La nostra recensione, a questo punto, rompe almeno un dettaglio rispetto a questa necessaria premessa: ci vanno bene le streghe e i vampiri, ma perché il politicamente corretto deve tracimare anche in innocue serie di secondo livello come questa? Purtroppo a noi accade che l’improvvisa consapevolezza di questa enorme sciocchezza – così è a parer nostro – rovini la magia dell’immersione nella trama, e ci faccia rileggere la sceneggiatura come un’operazione un po’ furbetta e infine stucchevole. Ecco che le creature sono una metafora delle diverse nazionalità e colori della pelle, e l’amore fra la strega e il vampiro una serenata all’amore interrazziale (Giulietta  e Romeo fantasy). E va bene, è pure un bel messaggio, ma quando si capisce che il vampiro proviene da un’antica stirpe di cacciatori di streghe sin dall’epoca tardo medievale (i vampiri vivono moltissime centinaia di anni) che si è resa colpevole di persecuzioni cruente di streghe, poi non capisce come nel giro di poche ore i genitori del protagonista accolgano a braccia aperte la strega promessa nuora, l’appellino come “figlia”, la benedicano e la difendano a spada tratta (in senso letterale) contro altri vampiri ostili (membri della loro specie). Fino all’apice, verso la fine della seconda serie, di una fratellanza fra un gruppo di streghe, di vampiri e di demoni che stigmatizzano tutti, assieme a un’umana che nel frattempo si è aggiunta alla comitiva, il bigottismo della Congregazioni, le norme liberticide imposte (non ci si potrebbe unire fra specie diverse!), e giù di buonismo interetnico in salsa hippie.

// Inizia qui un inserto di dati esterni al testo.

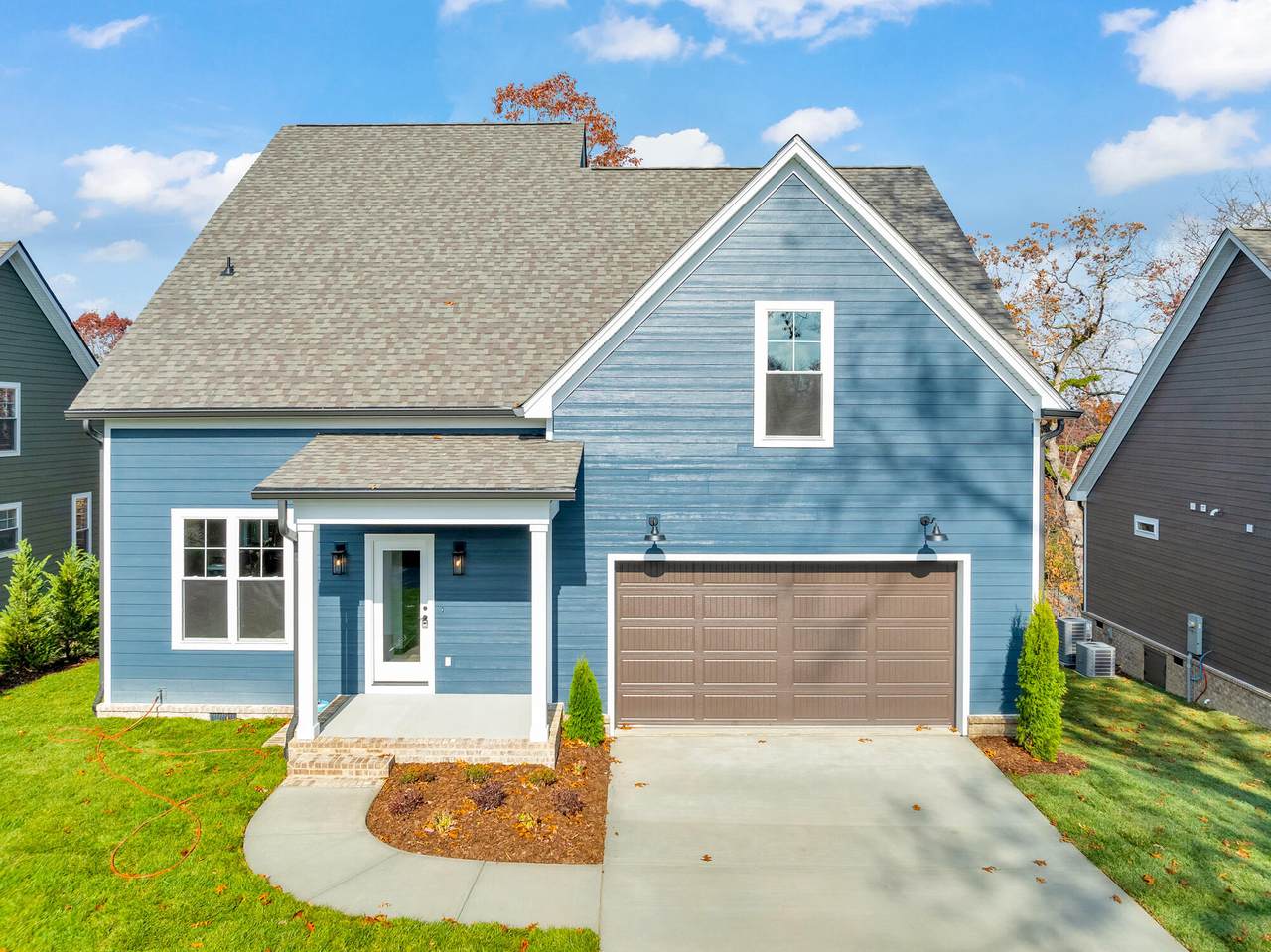 1214 Clermont Drive - Photo 1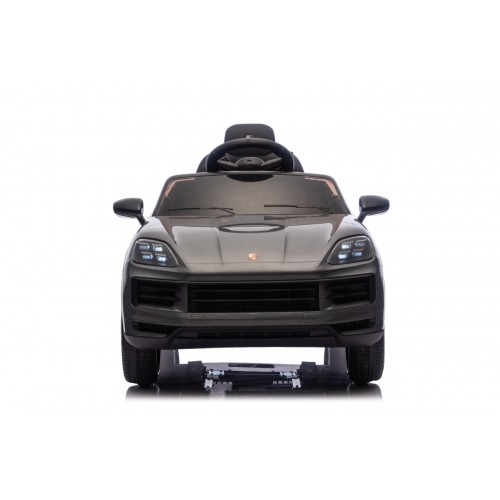 Vehicle Porsche Cayenne Black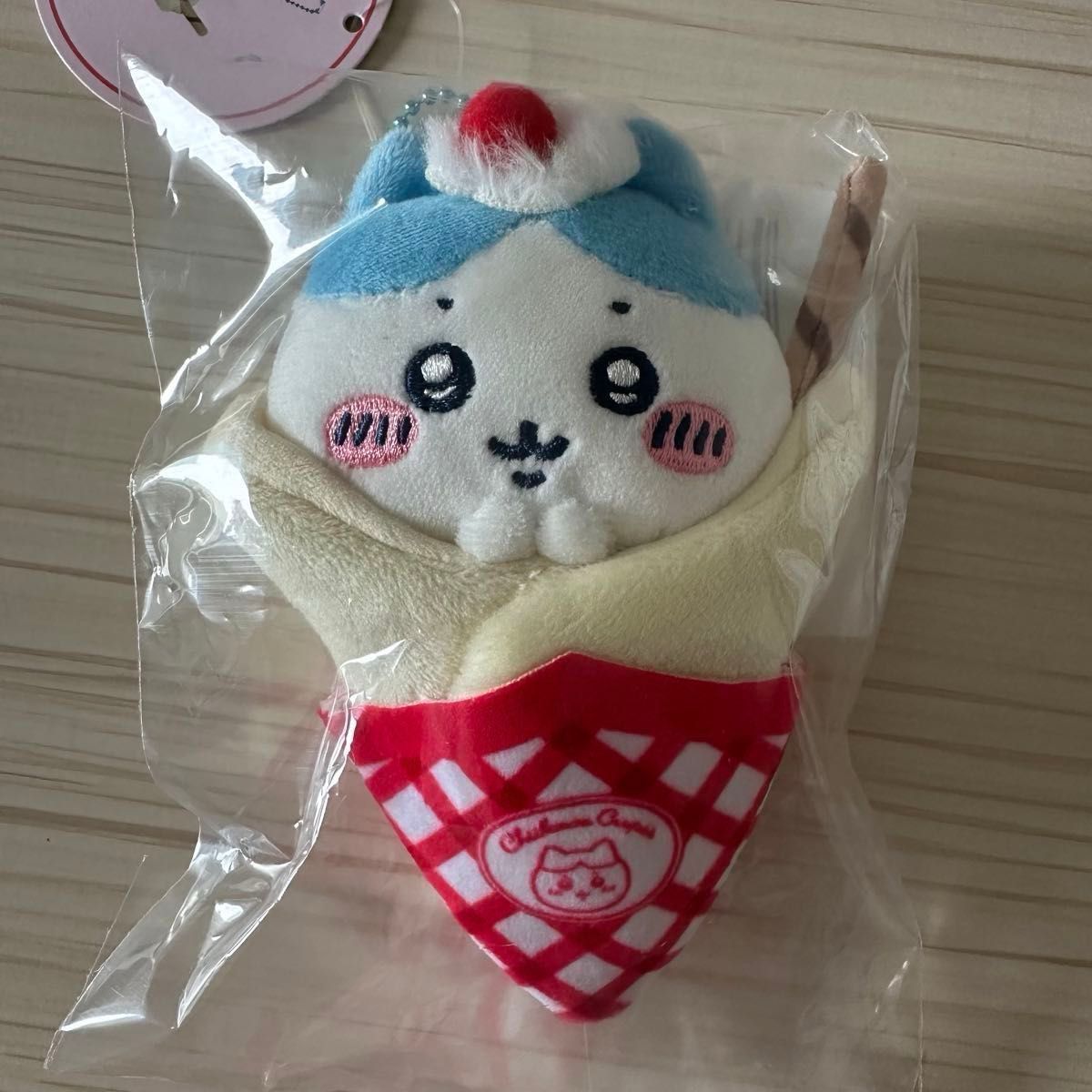 ちいかわ クレープくじ C賞 ハチワレ マスコット タグ付き ちいかわ クレープくじ C賞 ハチワレ マスコット タグ付き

Ma poi: perché le due zie della strega protagonista, oltre a essere lesbiche (avete notato che non passa più in tv una serie senza la coppia omosessuale?) sono una bianca e una di colore? Possibile che la rincorsa del “politicamente corretto” sia gestita col bilancino interrazziale, con l’occhio alla diversità di genere, una coccola al mondo Lgbt e chissà, forse nella terza prossima serie, anche un messaggio ecologico?

Intrinsecamente sono tutti messaggi buoni e inclusivi, sia chiaro. Ma francamente: le streghe lesbiche, una bianca e una nera, non sono sopportabili, non sono interessanti, appaiono una forzatura (tutt’altra stoffa, tutt’altro livello, il messaggio Lgbt di un capolavoro come Sense8, dei fratelli Wachowsky, disponibile su Netflix).

Conclusione: qui si aspetta con ansia la terza stagione, che arriverà quando, come sempre, ci saremo completamente dimenticati le prime due e faticheremo a ricordare chi erano e cosa facevano i protagonisti. Tifiamo come matti per la bella strega (Teresa Palmer) il suo fascinoso marito vampiro (Matthew Goode), e speriamo che gli ipocriti, bigotti, razzisti e prepotenti cattivoni della Congregazione facciano la fine che meritano. Perché in fondo abbiamo un animo semplice e ci piacciono i finali zuccherosi, ma accidenti, che noia la political correctness!